The scariest set of economic indicators to emerge in decades shows what’s crushing the dreams of record numbers of young, middle-class and older Americans.

“There are troubling indicators,” said Aparna Mathur, a resident scholar at the American Enterprise Institute.

While nationwide unemployment is down to 4.3 percent and the Dow Jones is on a bender, policy experts and economists like Mathur warn of disturbing signs in the real world of business and human enterprise.

One is the weak long-term labor force participation rate. That translates into about 30 percent of the US population not working, or actively seeking a job.

“It is still of concern to us as economists,” Mathur said. “Because if fewer people are working, we are less productive.”

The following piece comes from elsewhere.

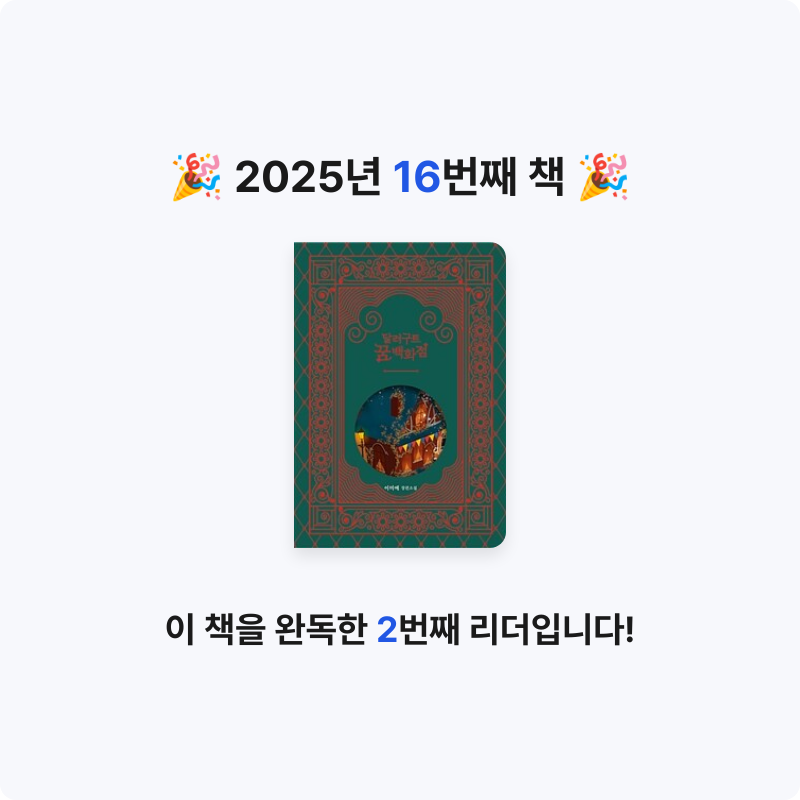 김예음님의 달러구트 꿈 백화점 게시물 이미지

But there are other dark holes as new data shed fresh light on America’s economy. Salaries for the average American worker have barely grown for decades, well-paid middle-class jobs are disappearing, and many of the new jobs are in the low-wage sector.

It partly explains why the American population grew at a tiny 0.7 percent last year, the lowest increase since the Great Depression, say analysts.

The official explanation, according to the American Community Survey, attributes it largely to declining birth and immigration rates.

Other analysts who have studied the data closely don’t mince their words. “The trend around recessionary times in our economy is for the birth rate to actually drop,” said Russ Zalatimo, managing partner at HudsonPoint Capital.